Let’s not beat around the bush: I’d make a terrible nudist.
First of all, no belt loops. What am I supposed do with my thumbs? And where do I clip my Leatherman? I’d feel naked without it.
Then, of course, there’s my “dad bod,” which is really more like two dad bods glopped onto one dad skeleton.
But really, the main thing keeping my clothes on (aside from not wanting to get arrested) is this: I’m extraordinarily pale, the gingeriest ginger you’ll ever meet. I make Ed Sheeran look like Jason Momoa.
As such, I can’t ever allow the sun to shine where-the-sun-don’t-shine. You know how at the end of “Gremlins” the cute furry gremlin kills the mutant monster gremlin by opening the shade and melting him? That’s what happens when you expose me to direct sunlight, too.
To put it yet another way: your day at the beach is my worst nightmare. In fact, May through September, spending more than 15 minutes in pretty much any outdoor setting requires as much sun protection as I can tolerate, including one of those ridiculous floppy bucket hats and those even more ridiculous zip-off pants. At least I don’t wear a fanny pack.
But not in Juneau.
Ah, beautiful sunless Juneau, a location depicted by the “Twilight” series as housing a whole vampire clan (fittingly enough, a “vegetarian” vampire clan). Turns out, it proves an ideal home for the ultra-pale, too—or, as we prefer to call ourselves, Alabaster-Americans.

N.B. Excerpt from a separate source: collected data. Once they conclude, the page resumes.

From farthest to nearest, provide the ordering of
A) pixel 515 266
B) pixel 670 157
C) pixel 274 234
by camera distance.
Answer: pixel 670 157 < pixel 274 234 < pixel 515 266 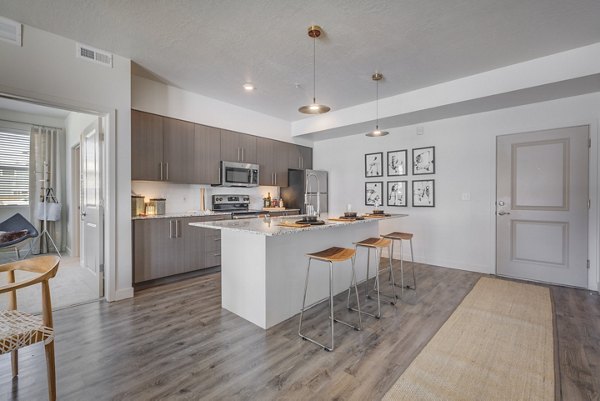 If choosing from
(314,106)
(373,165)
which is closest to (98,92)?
(314,106)

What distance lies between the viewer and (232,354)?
2.07 meters

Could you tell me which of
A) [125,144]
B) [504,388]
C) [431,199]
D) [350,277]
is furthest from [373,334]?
[125,144]

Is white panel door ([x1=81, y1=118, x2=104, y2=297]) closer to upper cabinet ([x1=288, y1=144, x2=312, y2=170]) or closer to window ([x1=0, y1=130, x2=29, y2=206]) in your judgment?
window ([x1=0, y1=130, x2=29, y2=206])

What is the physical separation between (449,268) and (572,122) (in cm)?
255

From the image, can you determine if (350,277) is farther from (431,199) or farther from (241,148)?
(241,148)

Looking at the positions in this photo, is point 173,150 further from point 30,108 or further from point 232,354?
→ point 30,108

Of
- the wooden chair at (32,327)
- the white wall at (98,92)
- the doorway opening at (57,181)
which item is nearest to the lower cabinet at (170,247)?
the white wall at (98,92)

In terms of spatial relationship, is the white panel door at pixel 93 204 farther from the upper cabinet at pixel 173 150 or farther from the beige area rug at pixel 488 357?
the beige area rug at pixel 488 357

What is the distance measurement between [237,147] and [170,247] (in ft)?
6.73

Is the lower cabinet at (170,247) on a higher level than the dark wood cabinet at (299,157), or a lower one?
lower

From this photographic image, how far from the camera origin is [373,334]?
2383mm

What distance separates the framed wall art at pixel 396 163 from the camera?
197 inches

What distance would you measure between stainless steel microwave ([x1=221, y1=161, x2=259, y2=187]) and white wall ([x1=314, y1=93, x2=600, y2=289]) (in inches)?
97.9

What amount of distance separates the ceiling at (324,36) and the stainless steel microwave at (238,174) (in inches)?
55.7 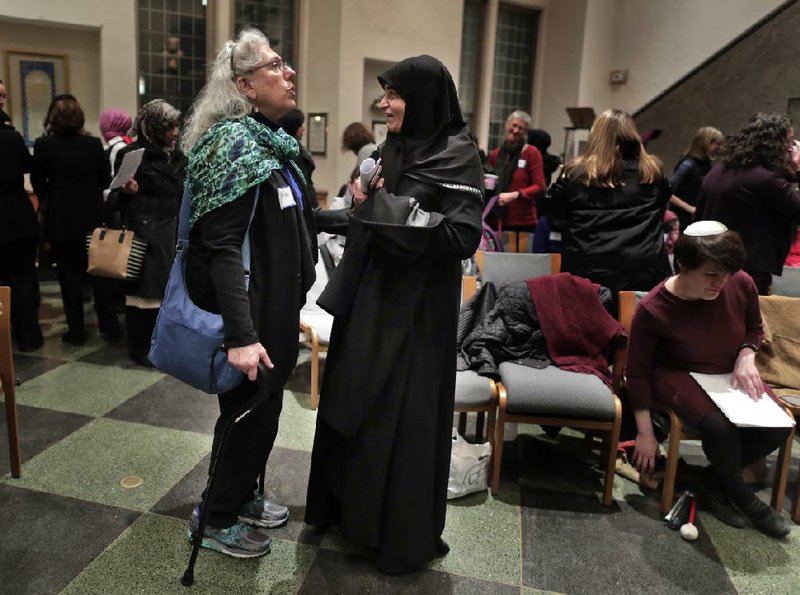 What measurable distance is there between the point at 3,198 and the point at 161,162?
95 centimetres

Ever since I moved here 17 years ago, I’ve hardly worried about sunburn at all. Not only do we average something like 300 cloudy days a year. Even when it’s “sunny,” this is Juneau; you’re never very far from shade.
In fact, that’s a big reason I stayed, despite all the vampires. Just the savings on aloe-vera gel alone…
Don’t get me wrong. I dig sunshine. It enables life on Earth. And I certainly appreciate a break from wearing Xtra Tuffs, unless I’m going to a wedding and I need to dress up.
Plus, there’s so precious little sun here in the world’s largest boreal rain forest, you can’t help but prize it. Like decent avocados, you take as much as you can get, whenever you can get it (and then gorge yourself sick on guacamole before it all starts to rot).
And so I welcome the lengthening days and intensifying rays of early Southeastern
Alaskan summer, even though I feel guilty watching TV when the sun’s still out. Oh well, I’ll get over it.
Plus, there’s nothing like increased daylight to make you feel like you want to do things. And sometimes, all you really need is to feel like you want to do things, instead of actually doing those things, just to confirm you haven’t lost all your motivation.
And, of course, more sunshine means lower electric bills—although, it also means increased expenditure on beer and ice cream, so they kind of offset.
Friends and family in the Lower 48 often ask me about the light/dark thing (also the time difference—how hard is the concept of the Alaska Time Zone?).
I tell them this: up here, daylight is something to track the steady, daily progress of, like baseball statistics or the accumulation of dishes in the drying rack before someone finally puts them back in the cabinet.
I also tell them it’s way easier to light darkness than it is to darken lightness. In fact, I still haven’t found a curtain that fully lives up to its “black-out” promises. Not even plywood.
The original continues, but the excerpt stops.